• _TASK GOAL_:
Omit every picture, and retype the lines that run from the beginning of the data below through the line containing "Blue lounge chairs", inclusive.

• _Stored records_:
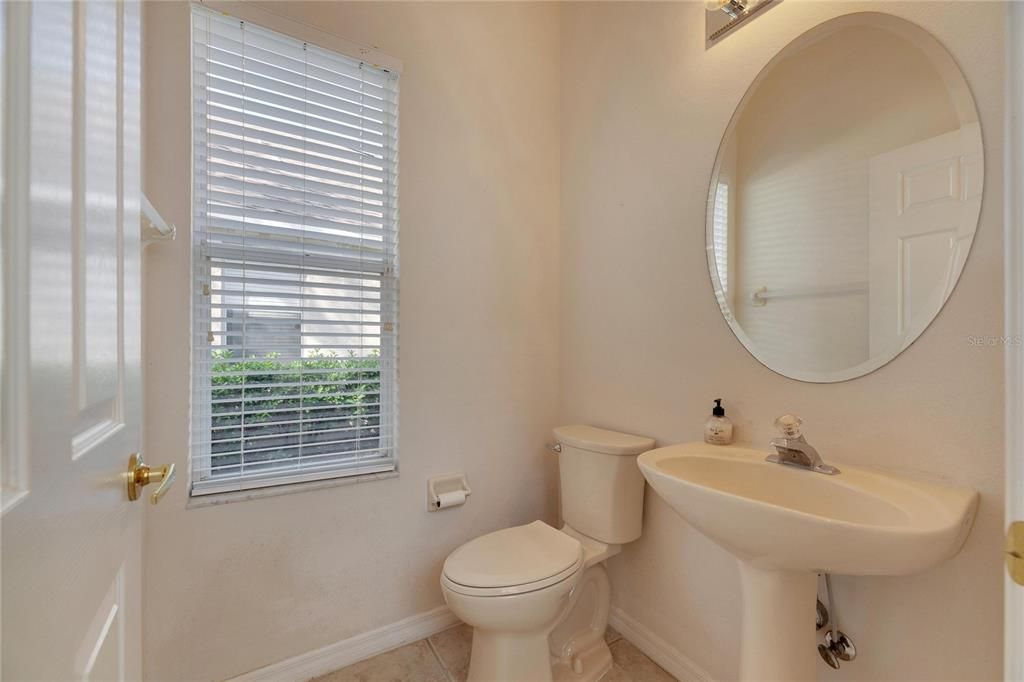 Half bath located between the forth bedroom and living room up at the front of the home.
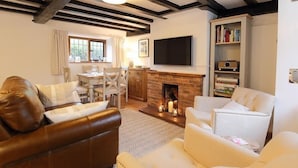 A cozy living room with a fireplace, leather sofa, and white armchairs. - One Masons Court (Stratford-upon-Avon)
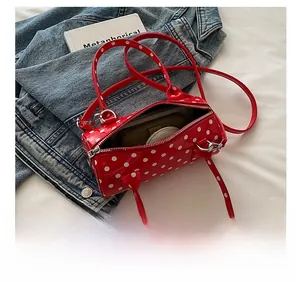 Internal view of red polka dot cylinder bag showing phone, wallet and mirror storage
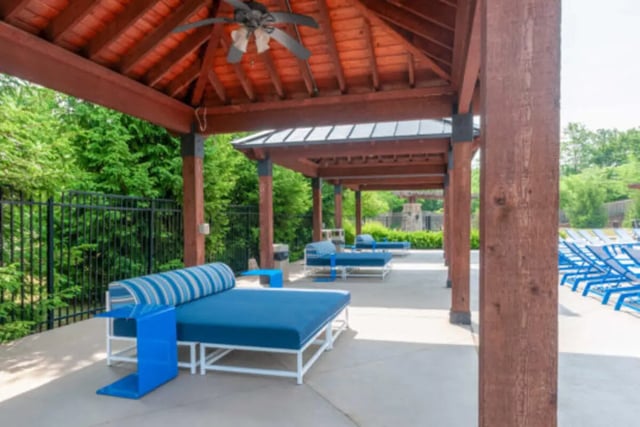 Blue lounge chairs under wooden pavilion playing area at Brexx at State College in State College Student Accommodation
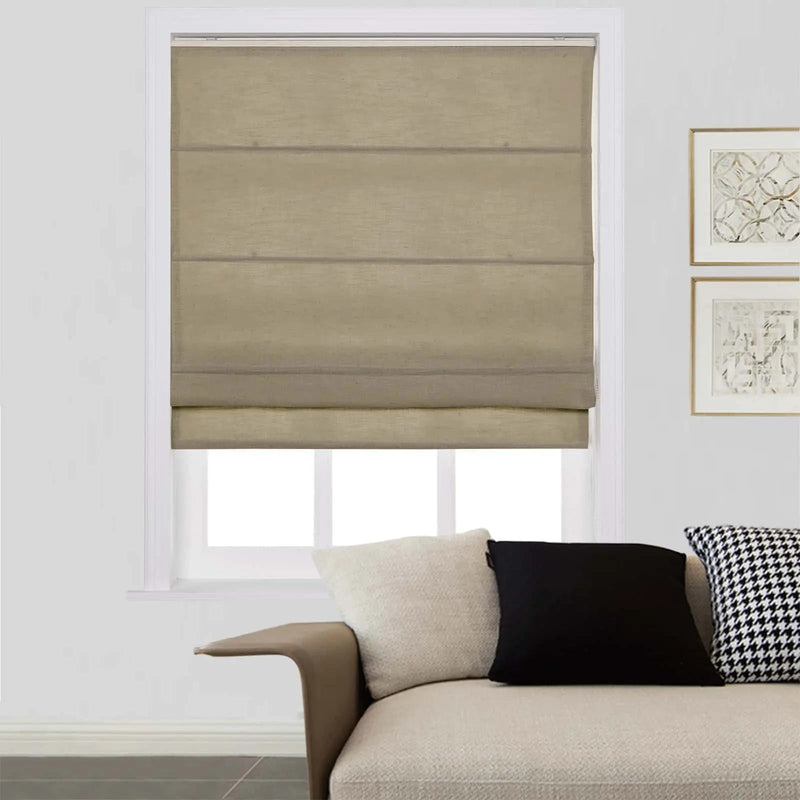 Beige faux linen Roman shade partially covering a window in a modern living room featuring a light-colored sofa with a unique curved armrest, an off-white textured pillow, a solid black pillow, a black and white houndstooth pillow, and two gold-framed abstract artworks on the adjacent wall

• _TASK RESPONSE_:
 Half bath located between the forth bedroom and living room up at the front of the home.
 A cozy living room with a fireplace, leather sofa, and white armchairs. - One Masons Court (Stratford-upon-Avon)
 Internal view of red polka dot cylinder bag showing phone, wallet and mirror storage
 Blue lounge chairs under wooden pavilion playing area at Brexx at State College in State College Student Accommodation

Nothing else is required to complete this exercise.